### Problem requirements
Don't include pictures. Quote the lines below from the first through the line that contains "Window Track Cleaner".

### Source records
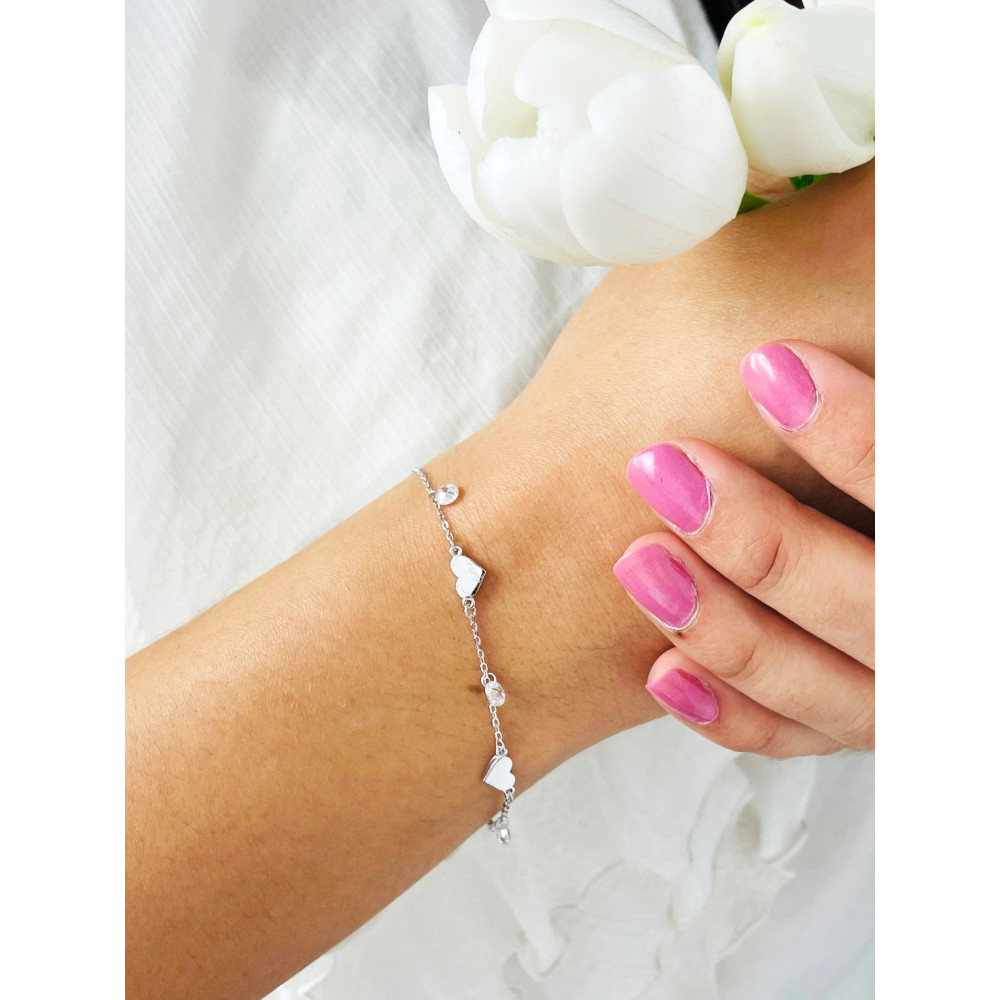 Herz Armband 925 Silber mit Zirkonia Damen Kinder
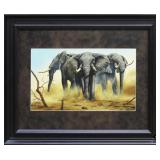 Andrew Bone 'Elephant Stampede' S&N Print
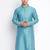 Ocean Blue Woven Pattern Straight men kurta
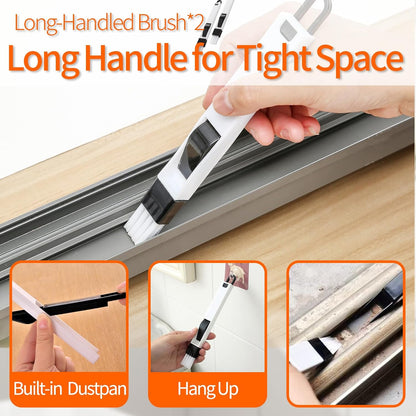 Window Track Cleaner Tools Set - 14 Pcs Window Groove Cleaning Brush Kit, Crevice Cleaning Brush for Sliding Door, Shutter, Sill, Tile Lines, Sink
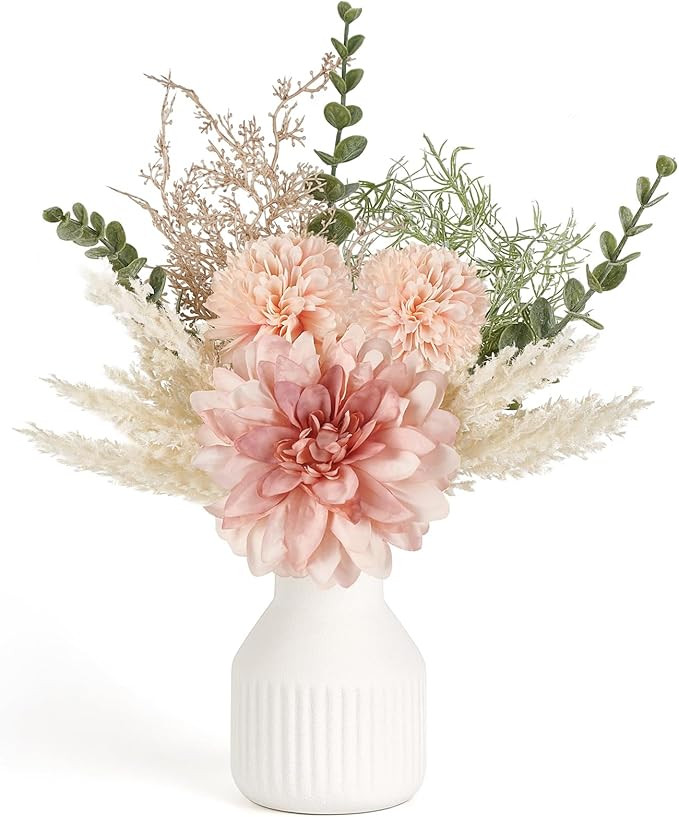 Mkono Small Artificial Flowers in Ceramic Vase 13.5" Centerpieces Coffee Table Decor, Silk Flower... | Amazon (US)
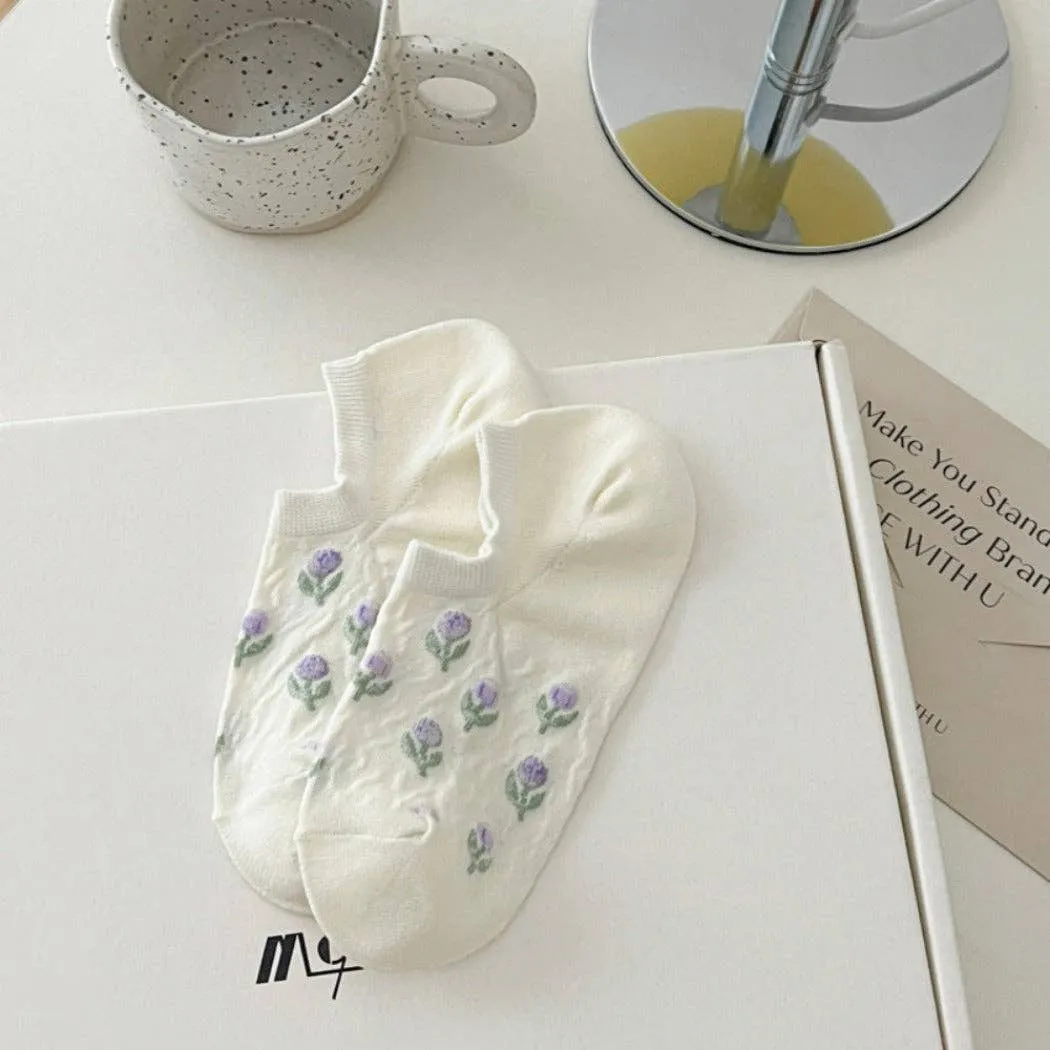 Tulip Print Summer Low-Cut Socks
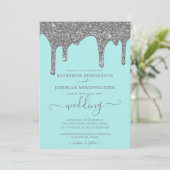 Invitation Mariage chic Turquoise et Parties scintillant arge (Debout devant)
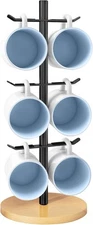 Coffee Mug Holder Tree with 6 Hooks Metal Countertop Mug Rack Black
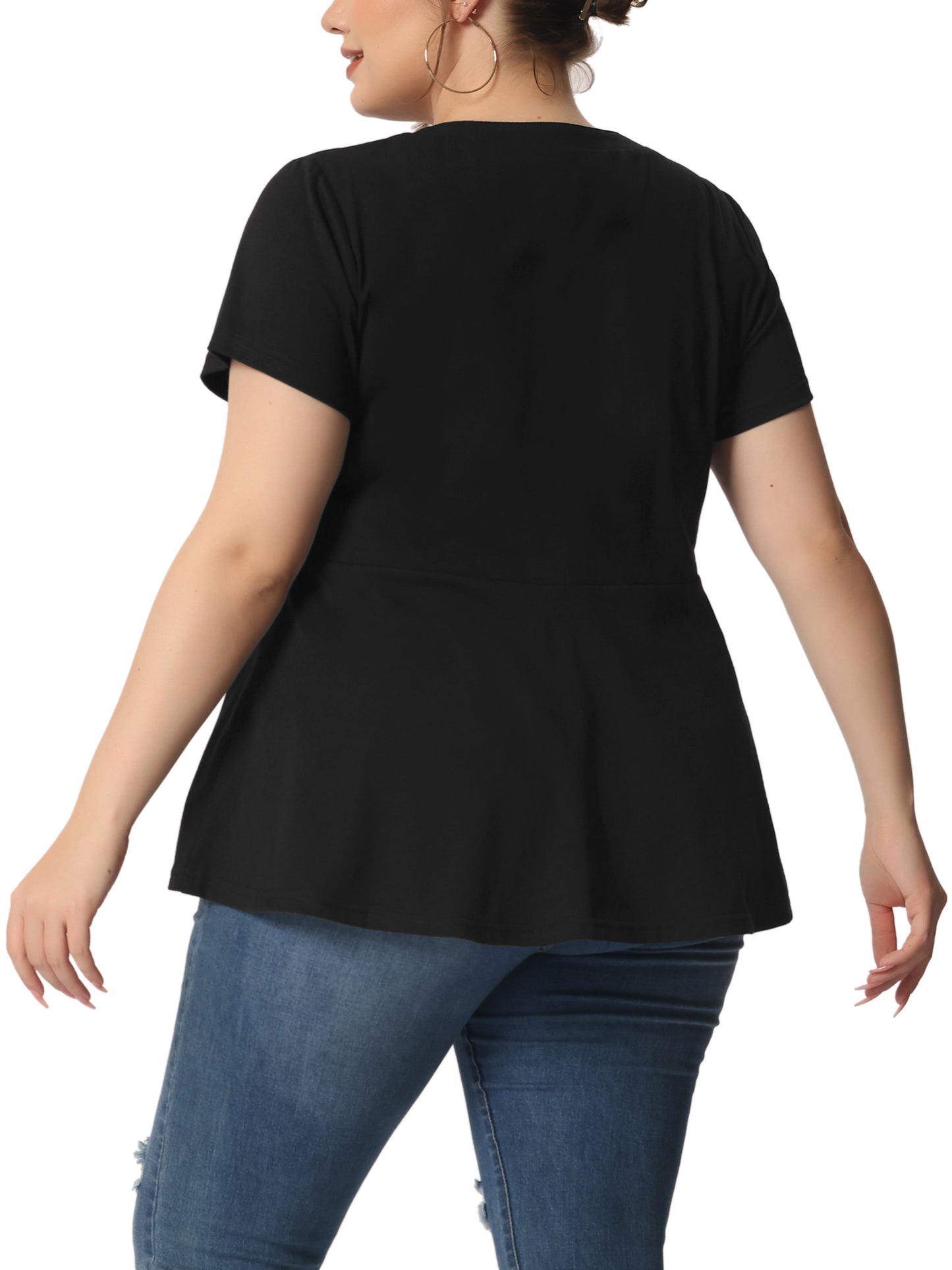 Women Plus Size Peplum Shirt Summer Round Neck Short Sleeve Work Top
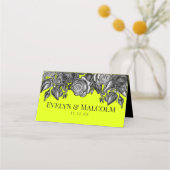 Carte De Placement Mariage vert de rose noir et blanc (Dos)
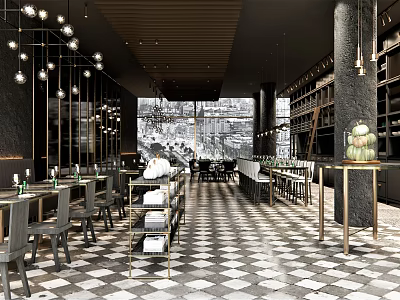 Stylish Restaurant Interior With Black And White Checkered Floor Pendant Lights And Wooden Shelves 3d model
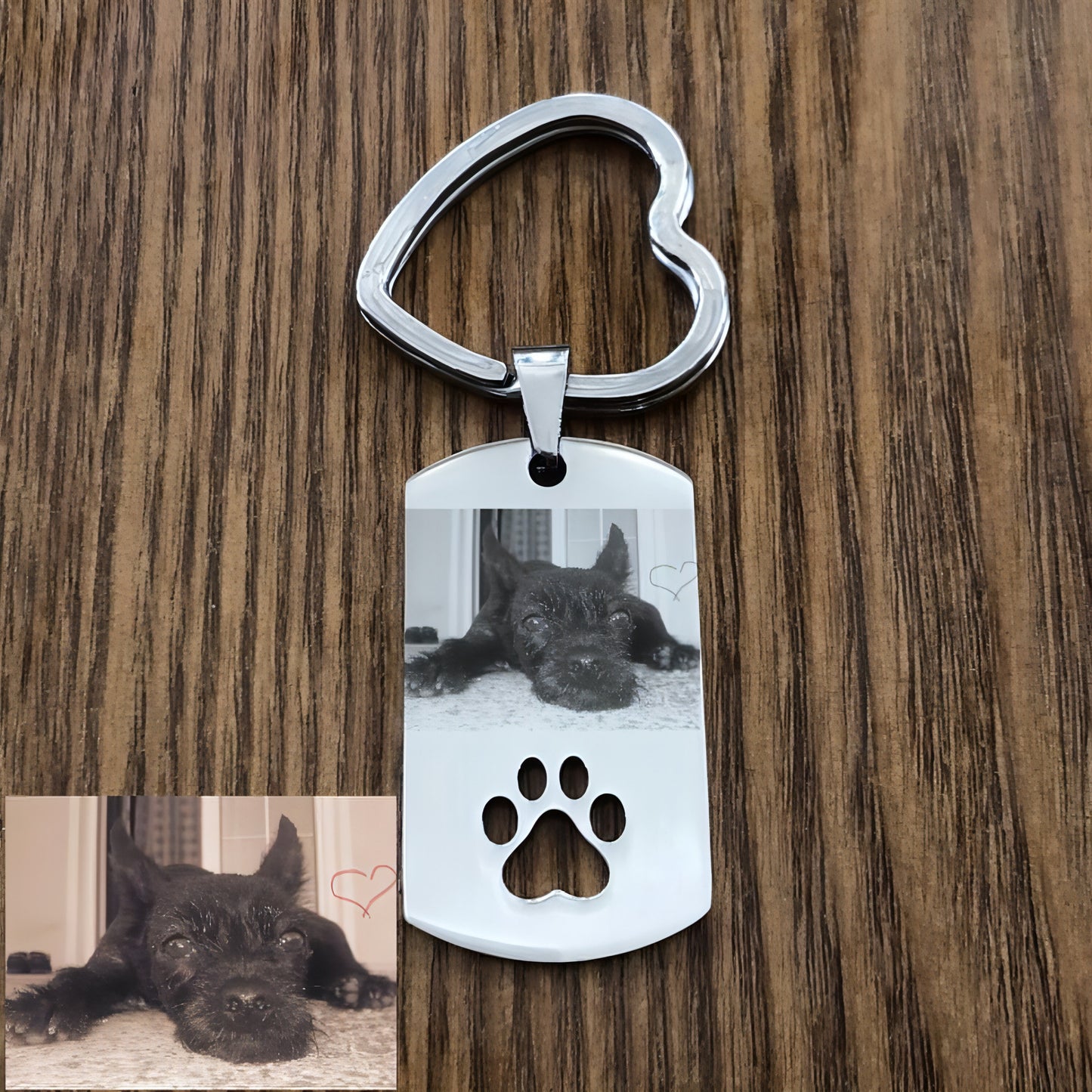 Custom DIY Dog Tag Photo Keychain Stainless Steel Engraved photograph Keychain For Love Dog People Dog Keepsake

### Answer area
 Herz Armband 925 Silber mit Zirkonia Damen Kinder
 Andrew Bone 'Elephant Stampede' S&N Print
 Ocean Blue Woven Pattern Straight men kurta
 Window Track Cleaner Tools Set - 14 Pcs Window Groove Cleaning Brush Kit, Crevice Cleaning Brush for Sliding Door, Shutter, Sill, Tile Lines, Sink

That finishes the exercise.